One of the central bank’s roles is to manage a country’s international reserves. But, central bank reserve managers have been losing sleep over two main issues: low interest rates, and how best to communicate the choices they make.
Central banks’ reserve managers decide on how to invest central banks’ international reserves, what to invest in, and when. The overarching investment objective is to help preserve the external value of the domestic currency. They base this objective on three main pillars: preserving the capital of the investments, ensuring the liquidity of assets—how tradable they are—and earning a return.

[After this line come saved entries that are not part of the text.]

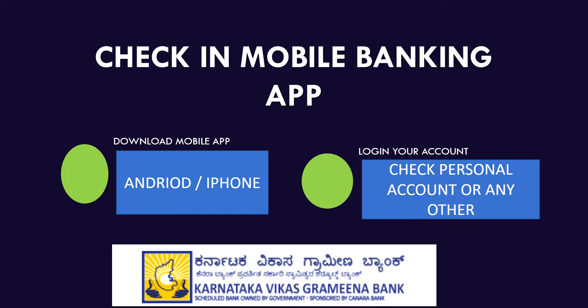You can log in to your mobile banking app and check the balance. For Android users, the Karnataka Vikas Grameena Bank app is available on the Play Store. For iPhone users, you can get the app from the Apple App Store.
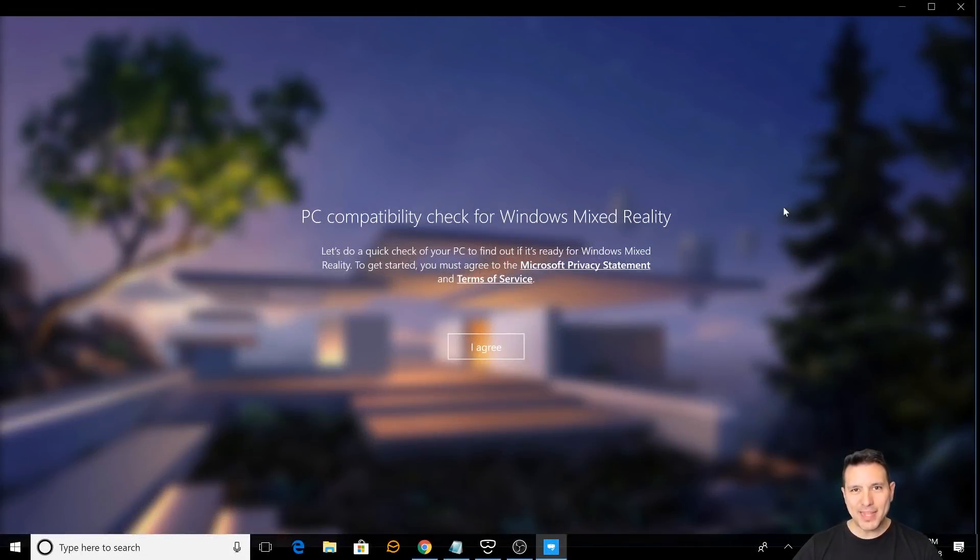First, let me show you the specs of that older computer that I tried out all these VR apps and games on. This app here is the PC Checker app and you can get it from the Windows Store. It will check your computer for compatibility with Windows MR.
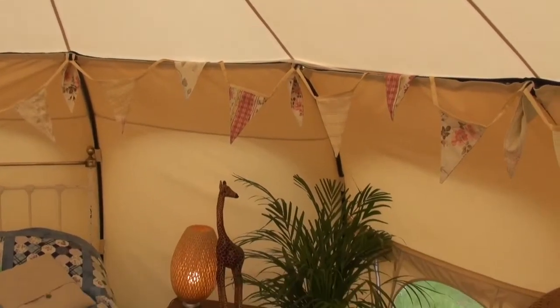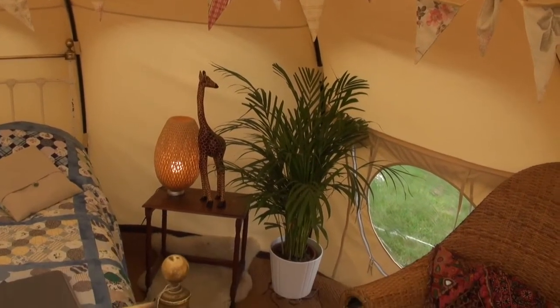It just feels so spacious inside. Yes, so compared to a bell tent of the same size, you can really get head height all the way to the edges.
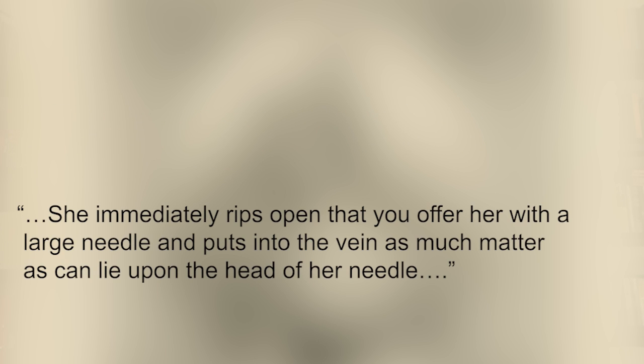'She immediately rips open that you offer her with a large needle and puts into the vein as much matter as can lie upon the head of her needle.' So this method of inoculation — variolation — was the direct transfer of smallpox, perhaps from one of those infected pustules, directly inserting that into a healthy individual. That would create a localized or mild infection, but the immune response — unknown at the time — would cause a reaction and the body would fight that localized infection and produce an immunity against the full ravages of the disease.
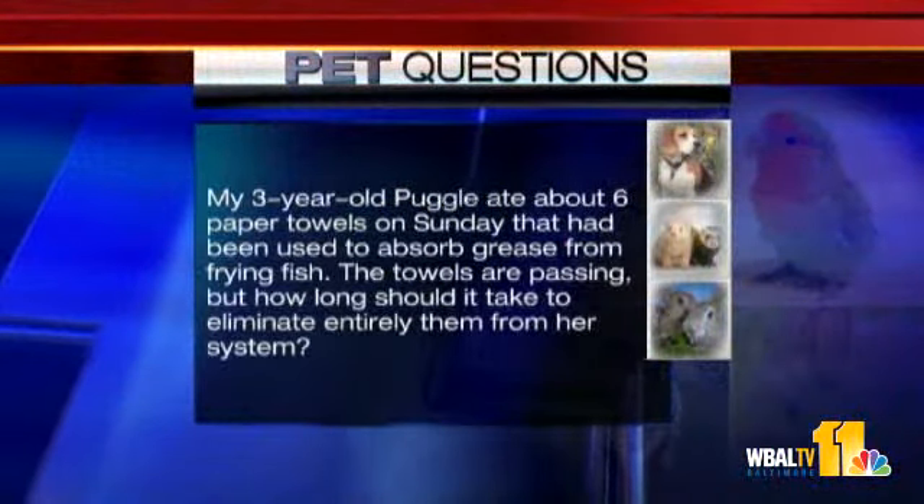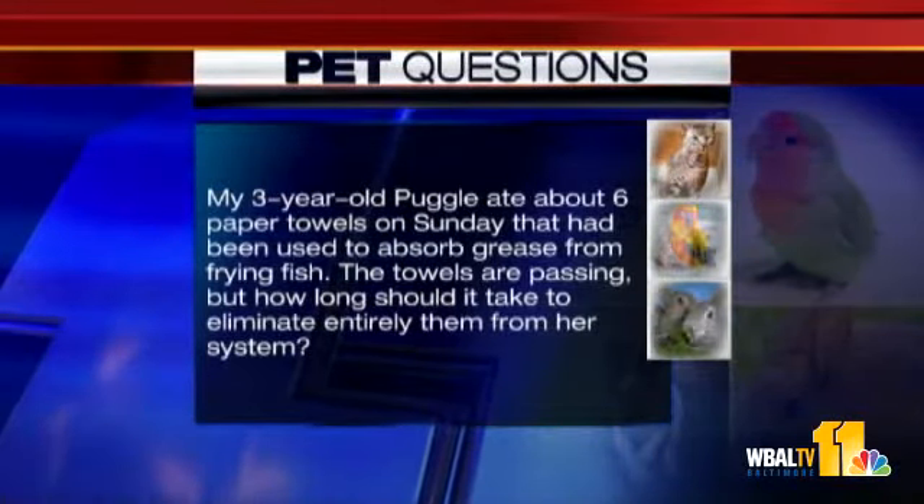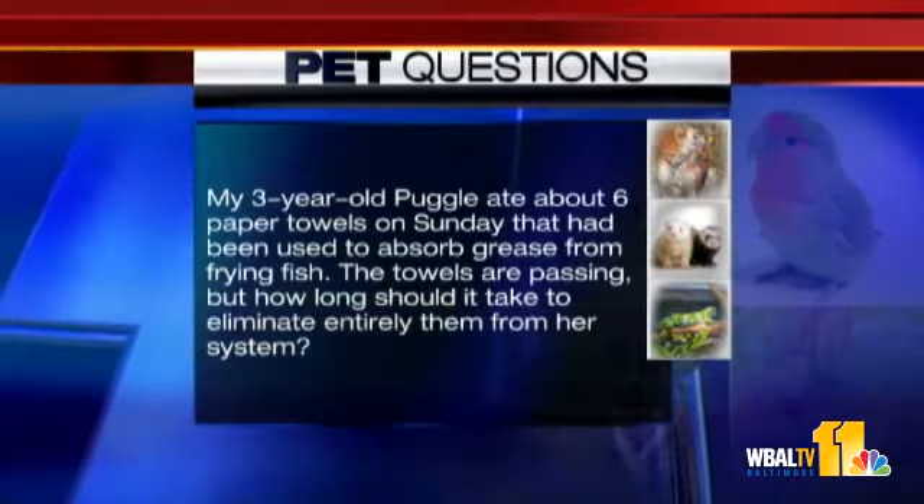My three-year-old Puggle ate about six paper towels on Sunday — I hope they were the half-size ones — that had been used to absorb grease from frying fish. The towels are passing, but how long should it take to eliminate them entirely from her system? They should be passing right now, but they may not pass. If you see your dog starting to vomit or show malaise or feeling upset, you've got to call your veterinarian right away because there could be a blockage. But you've got to puppy-proof your house. If they're used to eating paper towels, they're going to eat other things, and there's going to be eventually an obstruction, and it's a horrible problem.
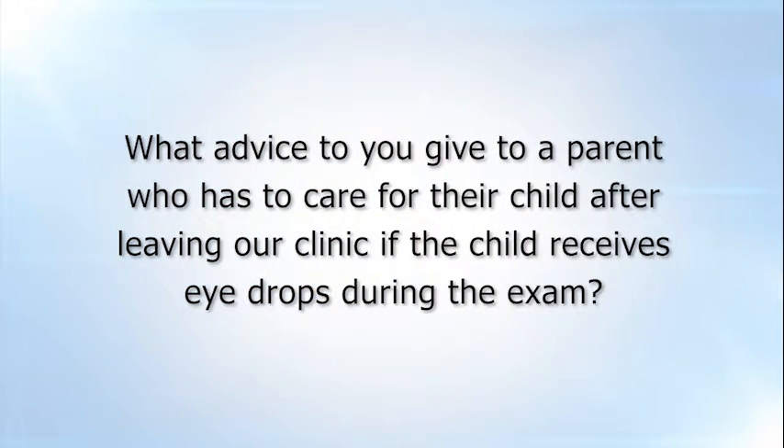Kids need eye drops so that the doctor can see the back of the eye and make sure that the eyes are healthy. Not only that, but also to make sure that the child does not have a prescription — to see whether they are nearsighted, farsighted, or if they have any astigmatism.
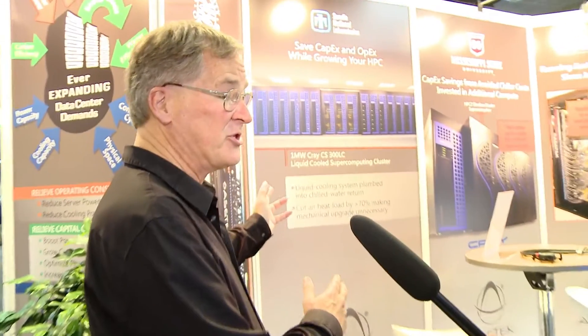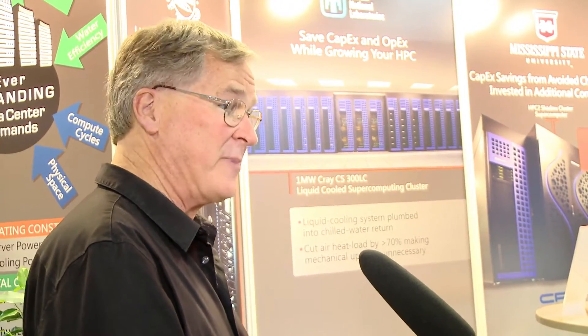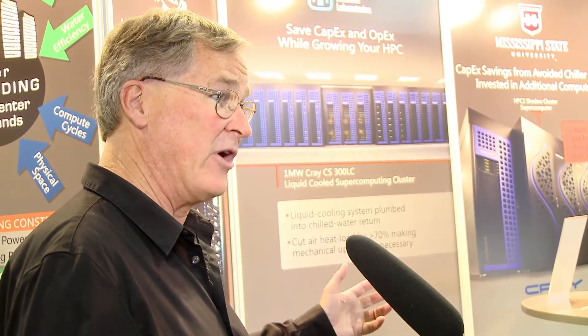I wanted to ask you about some deployments — I heard some of your early customers are upgrading. Since the last time we talked, we've deployed our largest system, which is at Sandia. It's a 28-rack system. That data center was constrained from a cooling perspective, and they were able to install liquid cooling and spend about half as much on cooling as they would have if they had expanded their air cooling system. So they were able to get more compute and more cycles by doing that.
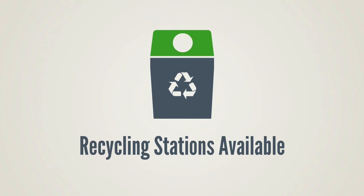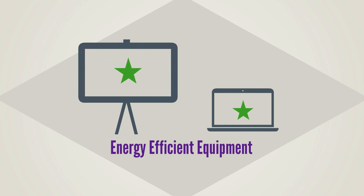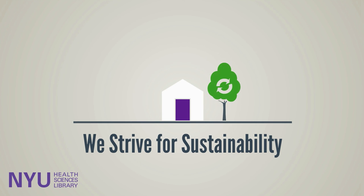Recycling stations are located throughout the library. Our new space also incorporates Energy Star certified equipment, such as whiteboards and computers. We're always striving for more ways to keep your library sustainable.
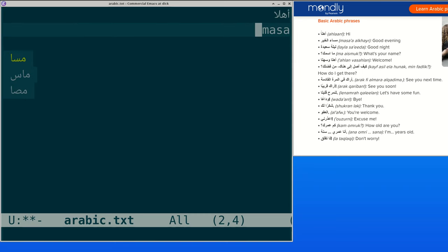Emacs transliteration mode for sale. The following mode that converts romanized script to Arabic and several other languages is being offered at 10,000 US dollars, payable by wire transfer or Stripe payments.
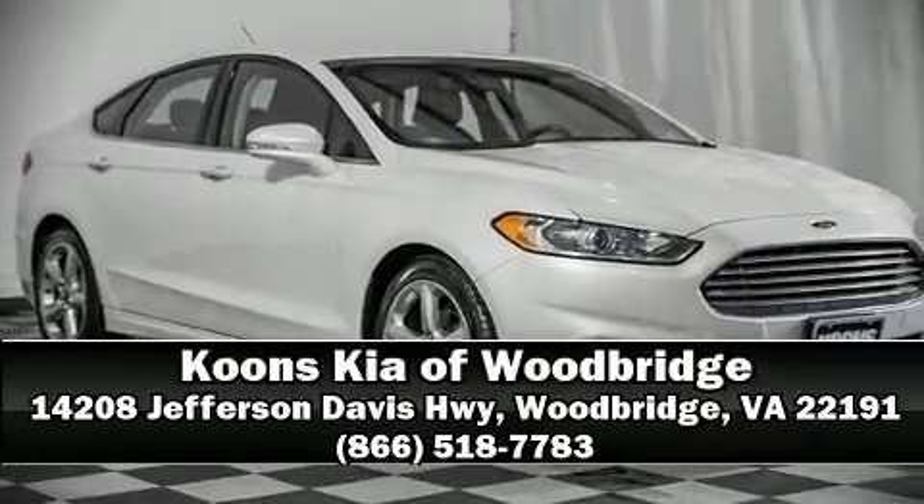A Carfax history report indicates just one previous owner. Please don't hesitate to give us a call.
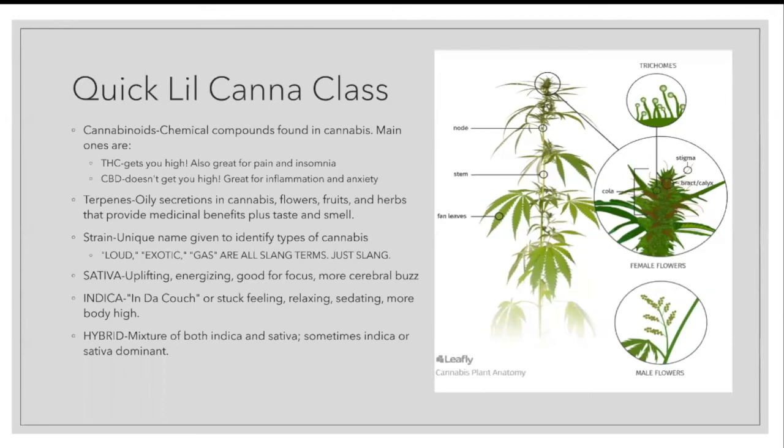When we talk about other factors of cannabis, we have to remember it's still a plant, and plants secrete oils. Those oils are called terpenes. Cannabis has them. Flowers have them. Fruits have them. Herbs have them. In addition to providing medicinal benefits, they add to the taste and smell that gives each type of cannabis or strain its unique characteristics.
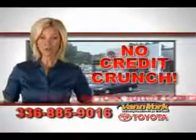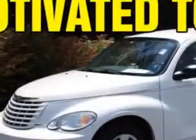There's no credit crunch at Van York Toyota — millions of dollars to lend. Imagine driving this white 2009 Chrysler PT Cruiser wagon, equipped with a four-cylinder engine.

Even though many countries’ economies are recovering after the global financial crisis, many reserve managers are still fretting. We wanted to know why. So we asked 63 central banks from advanced, emerging, and low-income countries about the reasons behind their worries. Their answers revealed a lot and were quite similar. We pulled together the results and here are the top two things reserve managers worry about.
Low interest rates
Low interest rates are their main concern, as you can see in the figure below. Returns on central banks’ international reserves are low, and in some cases even turned negative. Reserve managers are struggling to find sources of income without taking unacceptable risks. Before the global financial crisis, even safe and liquid assets—such as government bonds—enabled generally good returns, and the three pillars underlying the investment objective could be relatively easily achieved. This is no longer the case.
Reserve managers have had to find new solutions, but face higher risks if they want to increase returns. Some of them have tried to invest in currencies that will give them a higher rate of return on their investment, but with the increase in the volatility of foreign exchange markets, they have swapped one concern for another—lower returns for currency risk. The choices are difficult: what risks to take, how, and whether the newly employed solutions will deliver the desired results. For example, investing in emerging market or corporate bonds may bring in more money in the short run, but may not provide a steady stream of investment income.
Asset managers have started to communicate their choices more, but it remains hard for many central banks to convey the choices they make, and why. The chart below shows the majority of central banks we surveyed do not publish their reserve management guidelines. Clear and consistent communication about reserve management practices and choices helps financial markets and the public understand why reserve managers make the choices they do. This means explaining that managing international reserves is not about making a profit. Ultimately, it is about preserving the external value of the domestic currency and putting stability first.
So how do reserve managers strike a balance? Most of them focused on the first two pillars—capital preservation and a high level of liquidity of their reserves—at the expense of the return on their investments. Central banks’ stakeholders should support this strategy, especially in times of increased financial volatility and low interest rates.